De Vlieger : Une fois, nous avons eu une séance de théorie après avoir perdu huit matches sur neuf. On nous a d’abord montré des images d’un match que nous avions très bien commencé, puis celles d’un autre où nous avions très mal débuté. Je me suis dit que l’explication tactique de cette différence allait suivre mais la conclusion fut que nous avions été plus agressifs dans un match que dans l’autre. En Angleterre, quand ça ne marche pas, il n’y a qu’une solution : courir plus vite.

Le maillot de Rooney, avec le sourire !

Meniez-vous une vie normale en dehors du terrain ?

Vaesen : Ce qui se passe en dehors du terrain n’intéresse personne. A condition de se donner à fond pendant le match, on a le droit de faire ce qu’on veut. Les joueurs anglais ne se privent pas. Ils ne sortent pas un soir mais toute une après-midi. Les grands joueurs sont comme des pop stars mais la plupart réagissent normalement sur le terrain. Lorsque nous avons affronté Manchester United, Ruud van Nistelrooy m’a parlé en néerlandais dans le tunnel, juste avant le coup d’envoi. Et alors que j’attendais de passer au contrôle antidopage avec Wayne Rooney, je lui ai demandé un maillot pour mon fils. Il me l’a donnée sans problème et a encore écrit un mot sympa.

De Vlieger : Nous devions être à l’hôtel à 12 h 30 pour la fête de Noël. Nous mangions jusqu’à 13 heures puis nous buvions de la bière. Ce sont des picoleurs. En Belgique, si on sort avec des copains, on mange d’abord copieusement puis on va boire une bière.
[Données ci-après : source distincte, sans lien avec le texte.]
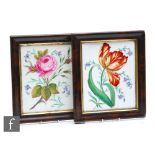 Two late 19th to early 20th Century framed hand painted panels each decorated with a botanical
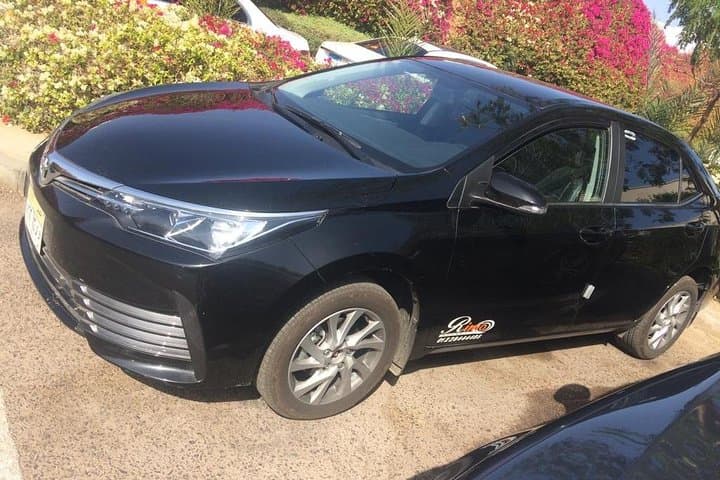 Private Transfer from Cairo Airport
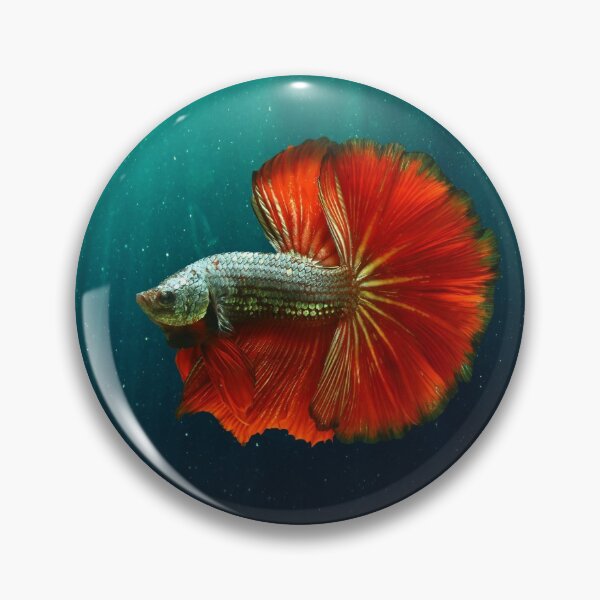 Item preview, BETTA FISH, HALF MOON BETTA designed and sold by Danicus666.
Dans certains clubs, il n’y a pratiquement pas d’Anglais. L’apport des joueurs étrangers a-t-il changé la mentalité sur le terrain et en dehors ?

Vaesen : Maintenant, ils acceptent que vous pensiez d’une autre manière qu’eux. A Huddersfield, lorsque j’ai commandé un petit-déjeuner frugal pour la première fois alors qu’ils mangeaient des saucisses et des petits pois, certains m’ont demandé, intrigués, si je n’allais pas m’évanouir.

De Vlieger : L’encadrement du club reste anglais et ce sont eux qui dictent leur loi. On peut faire des remarques et il leur arrive de copier des choses sur Arsène Wenger mais le football reste leur jeu. Ils l’ont inventé.